Enter Michigan Vacation 2011. We buy these pull-ups. We don’t put them on him. Levi has been pooping in his underwear. Frustrations abound. Suddenly, we are on an airplane and going potty is cool! Twice, on the airplane, Levi asked to go potty.
Can you believe it? The desire! The want! It appeared, as if out of the blue!
Levi potty trained himself, up in the air, at around 35,000 ft! As an adult, I don’t find airplane potties cool or comfortable, but I suppose that’s the difference between me and a four year old.
Levi’s teachers also noticed he was holding it until the break rather than stating he had to go. That means the connections he was missing at home he was also missing at daycare. In the last two months, post airplane training, he has finally made the connection that he misses out on more if he has an accident.
The other major change we instituted was one of those potty-seat inserts with handles.

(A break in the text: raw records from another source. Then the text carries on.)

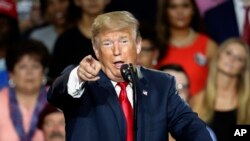 President Donald Trump speaks during a rally, Aug. 4, 2018, in Lewis Center, Ohio. Trump again unleashed a new barrage of attacks on the national news media, saying it was "very dangerous & sick!"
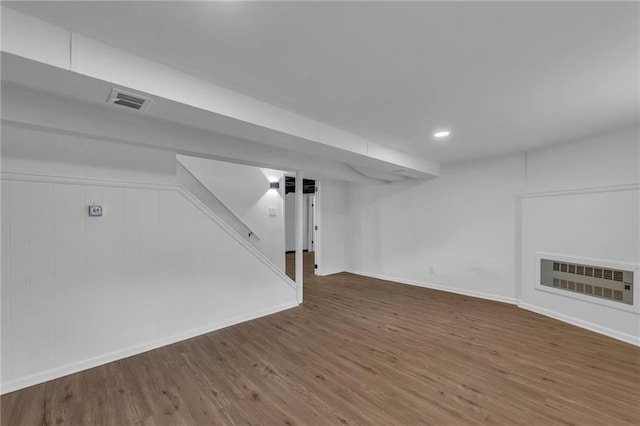 5005 S Grand Ave, Independence, MO 64055 - finished basement with wood finished floors, baseboards, recessed lighting, and stairs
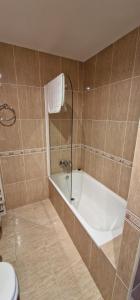 a bathroom with a bath tub and a toilet at La Palma de Cabrales - AT-1501-AS in Arenas de Cabrales +53 photos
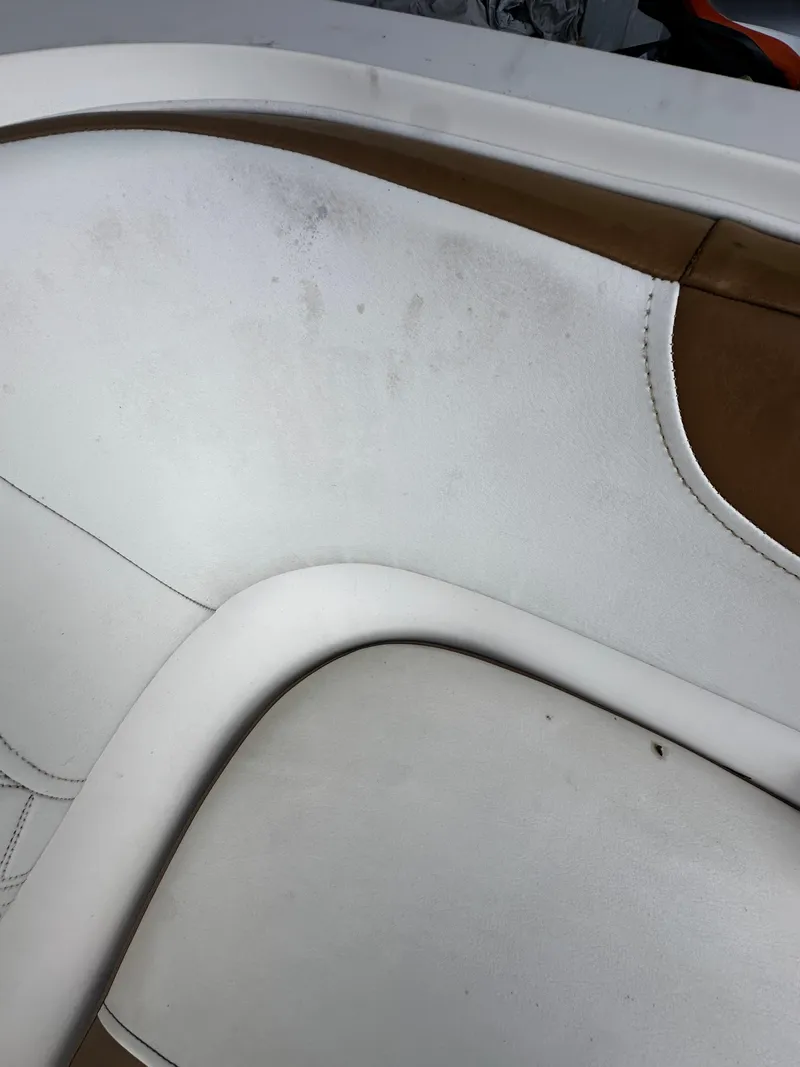 Slide: The Image of 2021 Bayliner VR6 Bowrider OB interior with white leather seating. - 28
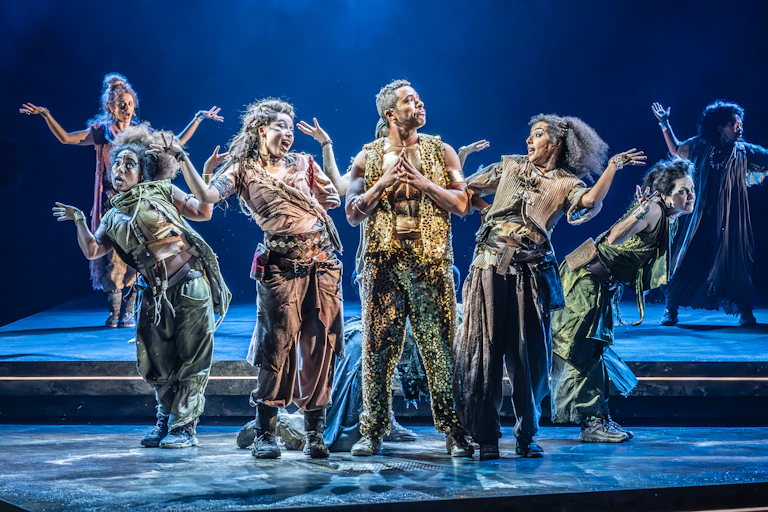 A theatre troup of mainly women surrounding a man on stage, arms aloft
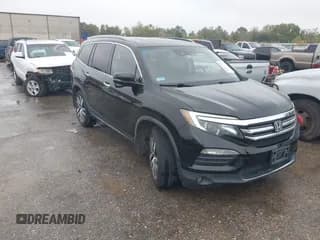 ✅ 2018 Honda Pilot Touring • VIN: 5FNYF5H99JB017044 • Lot: 43821143. Listed on IAAI with 156,739 mi. Free auction sales archive from the USA and detailed vehicle history report at DreamBid. Image 1.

I’m not even sure what they are called. Ours is decorated with Lightening McQueen and was purchased at Target for $18.
This was the best $18 we’ve spent as parents. It’s paid for itself in this first month, the first month where we haven’t bought pull-ups or diapers since our child was born.
Listen when they say when the kiddo is ready, he’ll be ready. Patience, reminding, and constantly working at what the real issue is are about the only things you can do.
I guess what I’m really thankful for is that the first daycare taught him how to aim.